Times listed in EDT.
Highlights
This session will share examples of companies that have lowered their carbon emissions using lean product and process development. Learn approaches you can use in your organization to lower carbon emissions and address other sustainability concerns.
Overview
The biggest opportunity to influence costs (financial and environmental) comes in the development of new products. The decisions made in development lock in ongoing costs for the entire product life cycle. These costs are often not consciously decided. They are decided for us when making design decisions without understanding or considering the environmental impacts. Lean product and process development can help you see the environmental impact of design choices across the entire life cycle, with the greatest opportunities to lower carbon emissions in the making (1/3 of man-made carbon emissions) and use (2/3 of man-made carbon emissions) of products.
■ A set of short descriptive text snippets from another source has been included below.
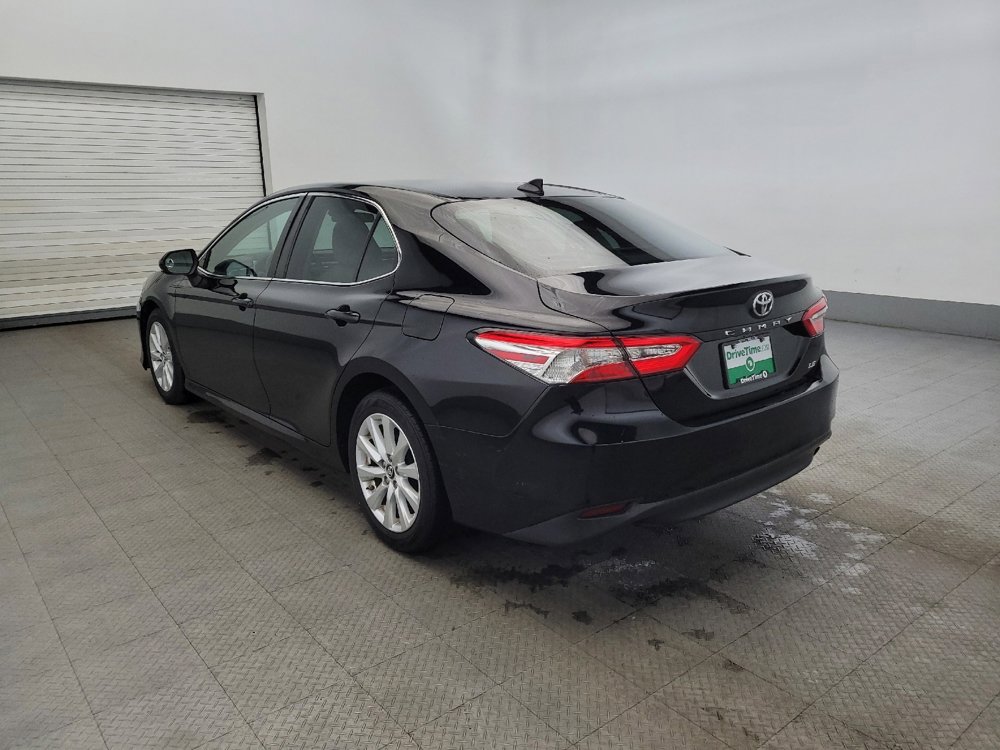 Used 2019 Toyota Camry LE FWD image 5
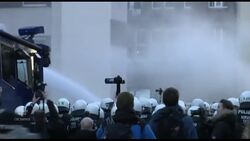 German police clash with anti-Islam protesters News Clip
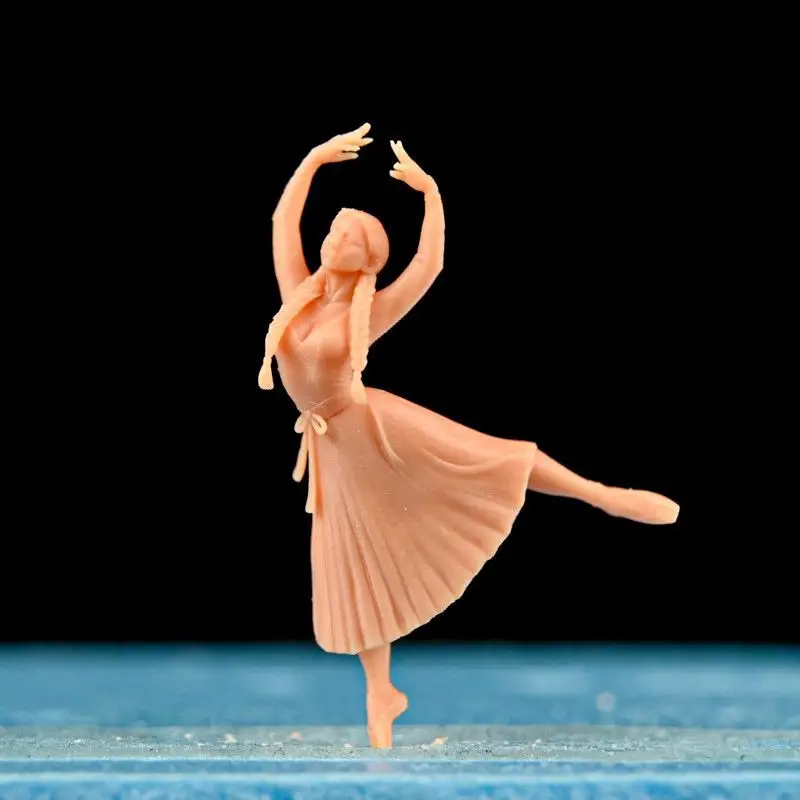 1/64 Miniature White Ballet Dancer Figure Urban Character Sexy Girl Dancing Studio Model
This starts in the study/concept phase of development, a combination of lean practices and modified sustainability practices can be utilized to consider the environmental impact of products throughout their life cycles, including predictive life cycle analysis, chief engineer immersion and concept papers. In the execution phase of development, the focus shifts to creating actionable plans to meet the targets set in the concept paper, including milestones and glide paths. Other lean practices that enable effective teamwork to meet the targets include synchronizing work across functions and obeya. Further building sustainability knowledge into design standards supports the teams to develop products with lower carbon emissions.
Company
Katrina Appell Consulting Inc. supports organizations in improvement and transformation through lean coaching and consulting. www.appell.org
A top-ranked public university, the University of Michigan has a tradition of excellence in research, learning and teaching, sports and the arts, and more. The Resourceful Manufacturing and Design group (ReMaDe) is part of the mechanical engineering department at the University of Michigan. It is headed by professor Dan Cooper. ReMaDe works at the nexus between industrial ecology (IE) and mechanical engineering (ME), using IE methodologies such as material flow analyses and life cycle assessment to identify opportunities and quantify impacts, and then pursuing an experimental and mechanistic modeling approach to generate the scientific knowledge underlying those opportunities. Most engineering focuses on small-scale analysis and design of a product or process and fails to consider the large-scale (regional and global) impacts that result from these small-scale systems. In contrast, ReMaDe spans whole industry analysis (e.g., identifying material efficiency opportunities from analyzing the global flow of steel), factory level analysis (e.g., opportunities to reduce carbon emissions from car assembly plants and carbon nanotube production facilities), and process level analysis and design (e.g., metal forming and developing experiments in order to understand solid state welding). Learn more at remade.engin.umich.edu.
Presenters
Katrina Appell, Ph.D., is passionate about supporting organizations in improvement and transformation and has 15+ years of coaching, facilitating, training and team development experience. Appell is president of Katrina Appell Consulting Inc. and a lean product and process development coach and faculty member at the Lean Enterprise Institute. She has experience as a senior lean consultant at Liker Lean Advisors and as a lean coach at the University of Michigan Health System. Appell holds a master's and doctorate in industrial and operations engineering from the University of Michigan and a bachelor's in general engineering from the University of Illinois at Urbana-Champaign, where she was previously the president of the Industrial and Enterprise Systems Engineering Alumni and Advisory Board. Learn more at appell.org.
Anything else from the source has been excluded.